• [What is needed]
Tally the lines below that contain the word "black", then give the tally and nothing more.

• [Data to use]

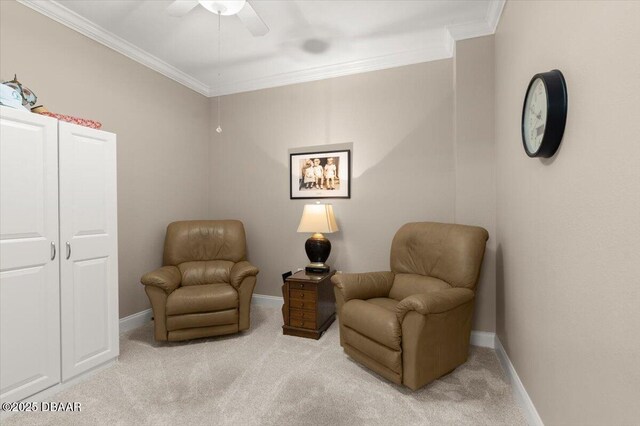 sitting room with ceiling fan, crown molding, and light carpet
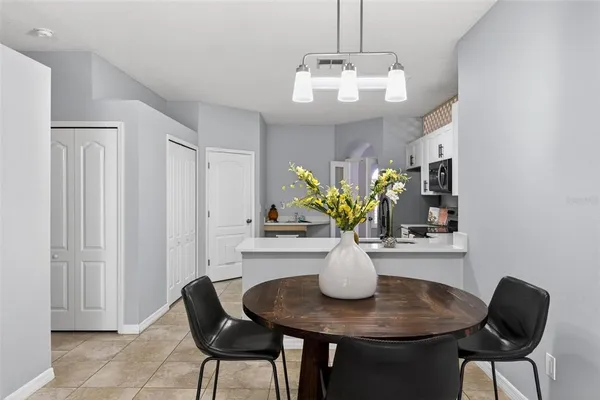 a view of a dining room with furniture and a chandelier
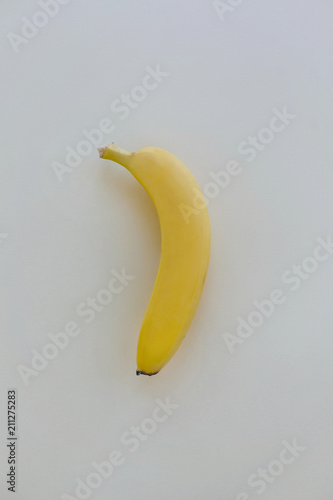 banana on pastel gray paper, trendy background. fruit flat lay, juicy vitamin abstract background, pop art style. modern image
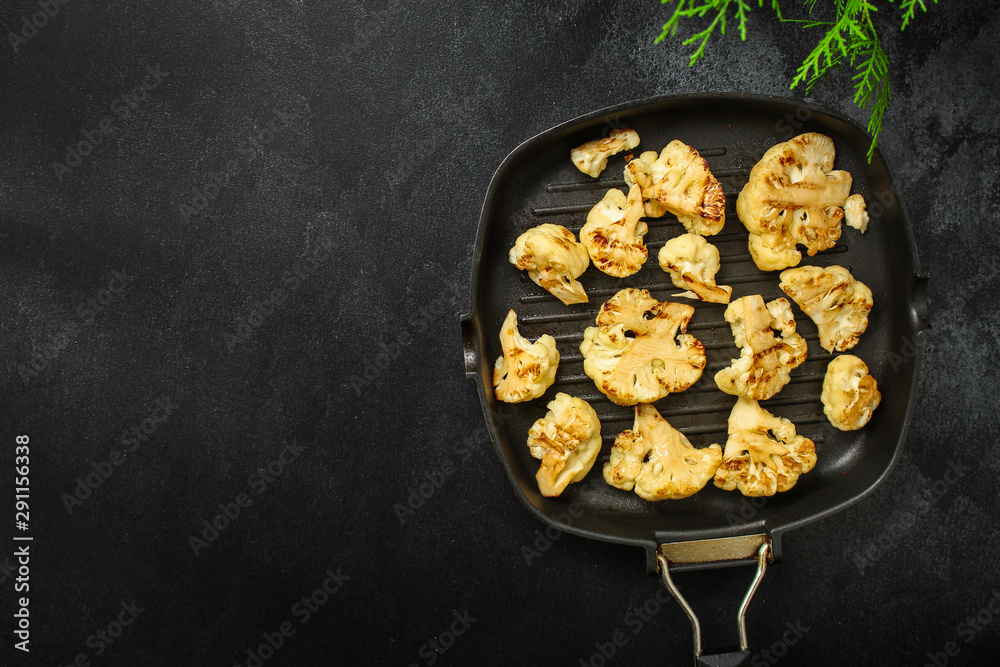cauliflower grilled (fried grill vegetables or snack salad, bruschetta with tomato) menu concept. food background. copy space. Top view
---
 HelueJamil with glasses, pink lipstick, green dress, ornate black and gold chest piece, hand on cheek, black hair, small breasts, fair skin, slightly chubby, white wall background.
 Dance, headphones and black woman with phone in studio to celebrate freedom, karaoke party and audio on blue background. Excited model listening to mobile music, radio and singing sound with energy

• [Response for this exercise]
2